Souvenirs, souvenirs...
– Où tu t’enfuis comme ça ?
– Aïe… je rentre à la maison. Répondis-je avec difficulté car il me faisait très mal.
– Ah, oui ? Et la messe ? Demanda-t-il, toujours cramponné à mes cheveux.
– Je dois aller aider ma sœur.
– Sais-tu que mentir c’est pécher ? Dit-il d’un ton sévère en tirant encore plus fort.
Sans lâcher prise, il me conduisit vers la chapelle. Pour moins souffrir je n’opposai aucune résistance et j’essayai d’avancer aussi vite que lui. En arrivant dans la crypte, il me libéra enfin et je m’empressai de masser mon cuir chevelu endolori. Six autres garçons étaient déjà là, en train de revêtir leur tenue d’enfants de chœur. On me tendit une aube blanche et le père F… me confia l’encensoir. Il me montra rapidement comment le balancer puis m’ordonna de me placer dans la procession qui allait s’avancer vers l’autel. Lorsque tout le monde fut prêt, nous nous mîmes en marche. Dès que nous entrâmes dans l’église, mes camarades assis au premier rang commencèrent à ricaner en m’apercevant. Je m’étais fait prendre et cela les amusait. Je les entendis me souffler :
– Balance ton machin plus fort. Fais-le tourner.
Pour les satisfaire, je mis davantage d’énergie dans mon geste et très vite le vase doré n’allait plus seulement de droite à gauche mais il faisait un tour complet au bout de sa chaîne puis deux, puis trois et bientôt un brouillard parfumé nous entoura. Une grande claque s’abattit alors sur l’arrière de mon crâne et je fus propulsé en avant. Je trébuchai et manquai de m’aplatir sur les dalles. Je m’indignai :
– Dieu m’a frappé !
Toute l’assistance rigola. Mais le père F… était furieux :
– Cesse de faire l’imbécile !
Il s’empara de l’encensoir d’un geste vif et le confia à un autre garçon. Naturellement après la messe j’eus droit à un sermon supplémentaire mais surtout à la menace que tout soit raconté à mon père si je ne venais pas régulièrement au catéchisme – j’étais une brebis égarée qu’il fallait ramener dans le troupeau. Je promis tout ce que le curé demanda pour m’assurer que rien ne revint aux oreilles paternelles. Je n’avais guère envie de goûter au nerf de bœuf.
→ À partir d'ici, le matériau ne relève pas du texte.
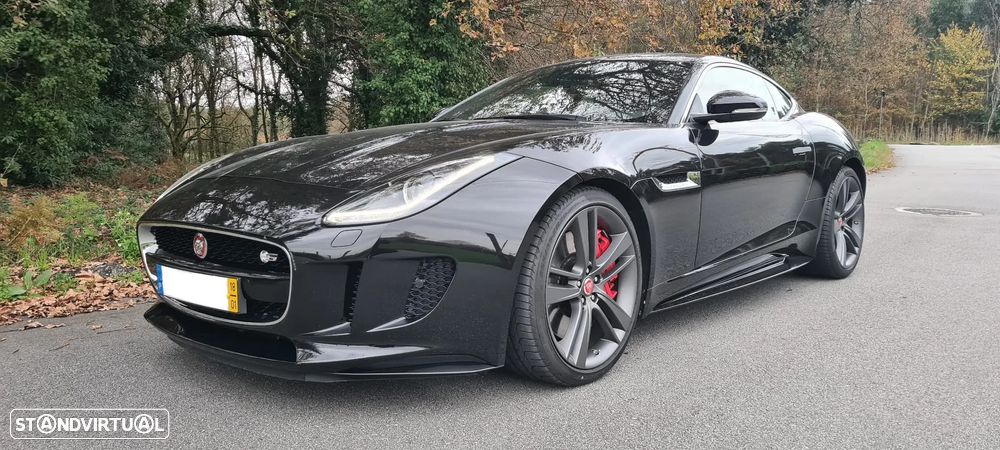 Jaguar F-Type 3.0 V6 S/C British Design Edition Auto - 10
Au début, pour faire oublier ma bêtise et éviter que mon père n’en fut informé, je vins régulièrement. Mais très vite l’ennui me prit et surtout l’envie de rejoindre mes copains qui jouaient dans la rue. Je commençai alors à être moins assidu. Finalement quand il fut question de préparer la communion, je « pris la tangente ». Je n’imaginai pas un seul instant défiler devant toute la communauté chrétienne rassemblée dans l’église avec des chaussures trouées dépassant au bas de mon aube blanche. La honte m’aurait empêché d’avancer. Ma décision fut prise : c’était là que s’achevait mon instruction religieuse…. et la rédemption de mon âme !
Portraits oubliés.
Quand M…, mon grand-père, partit à la guerre en 1916 il n’avait que dix-huit ans. Né à Saint-Just Sur Loire le 27 juin 1898, il n’était pas encore majeur1 lorsqu’il fut appelé sous les drapeaux. Il n’était pourtant plus un gamin mais pas encore un adulte. Cela n’empêcha pas l’armée française, qui recrutait à tour de bras, de l’enrôler et de l’envoyer au front. Sans doute considérait-elle qu’à dix-huit ans on est presque un homme, en tous les cas suffisamment pour tenir un fusil et servir de chair à canon !
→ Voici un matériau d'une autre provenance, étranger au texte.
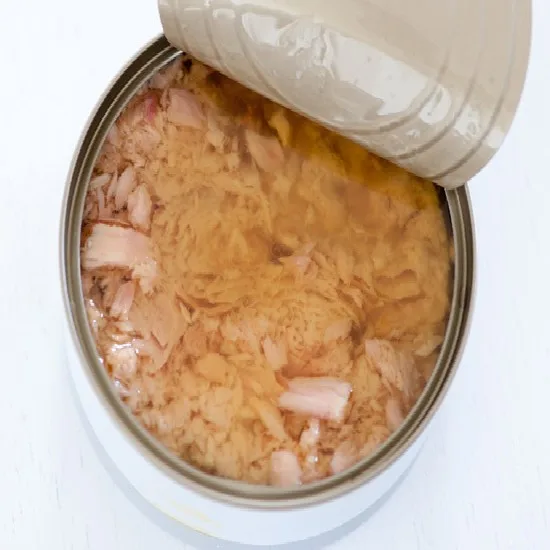 Canned Light Meat Tuna Chunk in Vegetable Oil 140g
On imagine aisément l’angoisse d’Eugénie et Jean-Baptiste D…, ses parents, quand ils le virent partir au combat, car M… était leur unique enfant. Si par malheur il venait à disparaître, ils resteraient seuls et sans descendance.
M…. quitta donc son Forez natal pour une caserne où il reçut une brève formation militaire dans l’artillerie, puis il prit la direction de Verdun. Là où ça castagnait, là où on s’embourbait. Car ce qui, en août 1914, ne devait être qu’une « promenade de santé », s’était transformé depuis en un conflit international qui s’éternisait et dont on ne savait même plus quand il finirait. Aussi en 1916, après déjà deux ans de combats acharnés, le haut commandement militaire n’ignorait plus ce à quoi il exposait ses soldats. Conscient des conditions inhumaines de survie dans les tranchées, mais malgré tout soucieux de conserver le moral des troupes, il fit distribuer aux combattants du tabac et de généreuses rations de pinard2. Dans les vapeurs légères de l’alcool, les poilus tentaient d’oublier la violence des affrontements, les odeurs pestilentielles de chair en décomposition provenant du champ de bataille, mais aussi la saleté dans laquelle ils croupissaient, la vermine qui rongeait leur épiderme, et surtout la peur qui leur nouait les entrailles chaque fois qu’ils partaient à l’assaut des lignes ennemies. En plein hiver c’est la gnôle qui circulait. Elle réchauffait davantage que le vin et quelques gouttes versées sur les chaussettes évitaient à la laine de geler complètement dans la boue glacée des tranchées. C’est cette terrible réalité-là que le jeune M… découvrit en arrivant au front au début de l’été 1916… avant qu’elle ne devienne son quotidien pendant quatre longues années3 !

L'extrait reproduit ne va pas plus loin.